When the Senate returns from its Memorial Day recess on Monday, one of the first items on the docket is a tax extenders bill passed by the House last week that extends unemployment benefits and many popular tax credits, like the Research and Development credit.

The bill is partially offset by two tax changes: closing the loophole that allows wealthy money managers to pay the lower capital gains rate on their income (called “carried interest”) and no longer allowed multinational corporations to claim tax credits on earnings that they keep overseas.

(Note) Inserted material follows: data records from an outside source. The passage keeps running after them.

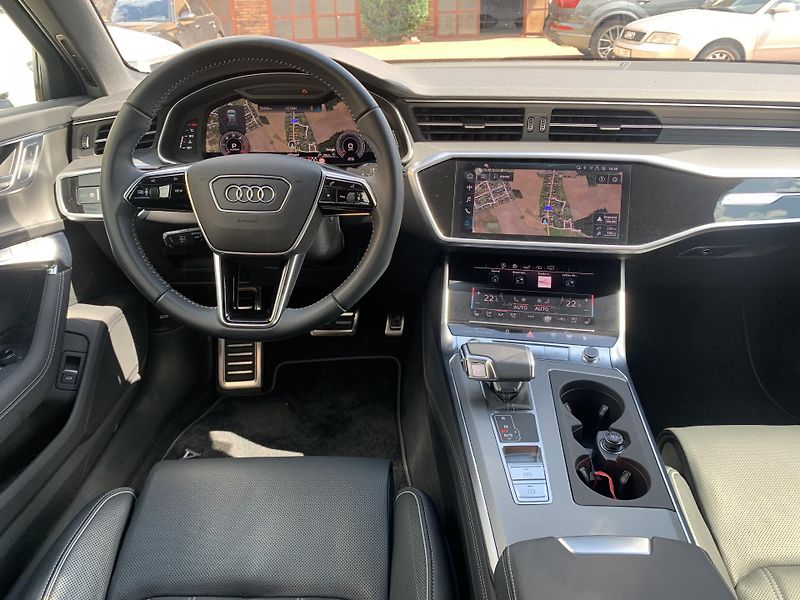 Audi A6 Allroad 50TDi,WEBASTO, MASSAGE - fotka 16 z 22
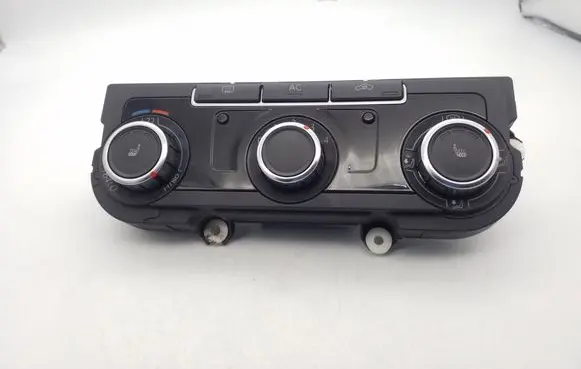 Volkswagen PASSAT CC Climate control unit 3C8907336E 5HB009751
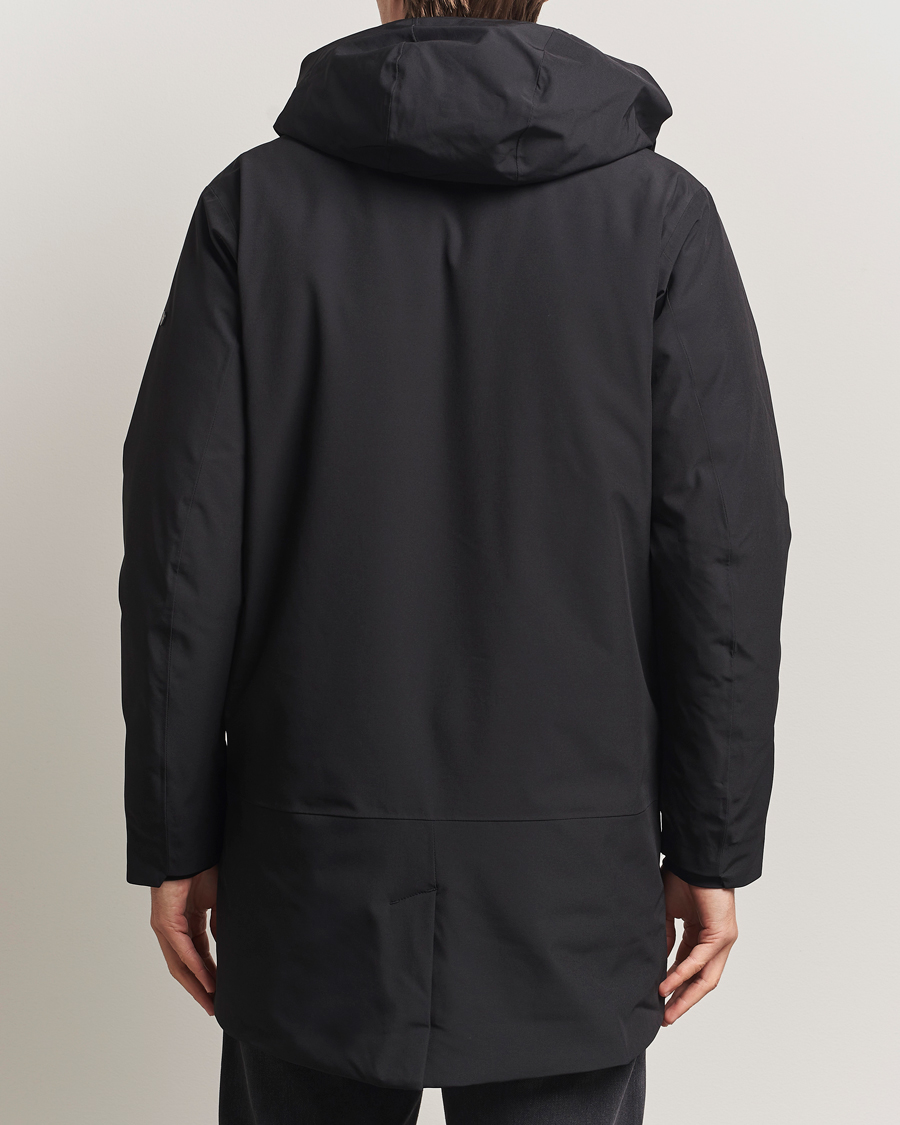 Herr | Jackor | Scandinavian Edition | Loft II Waterproof Padded Coat Onyx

The House has repeatedly passed the carried interest change over the last few years, and has shown more willingness to aggressively pursue closing loopholes for big corporations. Therefore, the big business lobby, led by the Chamber of Commerce and the Business Roundtable, has its sights set on the Senate, in the hopes of preventing the changes:

Interest groups from the U.S. Chamber of Commerce to the American Institute of Architects are counting on their Senate allies to alter the revenue-raising offsets passed by the House as part of a package of tax cuts and benefit extensions…[L]obbyists are trying to force some combination of carveouts, scalebacks and delays to the revenue-raising provisions that the House passed.

Business Roundtable President John Castellani said “there is a group of senators who have been ‘very supportive of making sure that U.S. companies are competitive internationally,’ but did not name names.”

As Zaid Jilani noted, lobbyists are saying that the carried interest change will target everyone from cancer patients to pensioners, based on the false claim that it will be a direct tax on investment. And the Senate has been steadily watering down the provision, suggesting that only 50 or 60 percent of carried interest should be subject to income tax rates.

But make no mistake: this is a change aimed at ensuring that incredibly wealthy people who manage money for others pay the same income tax rates as everyone else. As Citizens for Tax Justice explained, “the change affects only the managers of venture capital funds. It doesn’t change how the investors are taxed.”

As for the corporate tax change, it remains the case that a $100 billion annual tax burden is shifted onto the tax-paying population by tax avoidance. Allowing corporations to claim U.S. credits for profits they never repatriate creates no incentive for ever bringing that money back. As House Ways and Means Committee Chairman Sander Levin said, the status quo is “tilting the playing field in favor of investment overseas.”

With deficit hysteria currently gripping Capitol Hill, and the right-wing fearmongering about every little tax increase anyone suggests, raising revenue from common sense places is critical. Closing these loopholes, which only benefit the very wealthy and huge corporations, is a good place to start.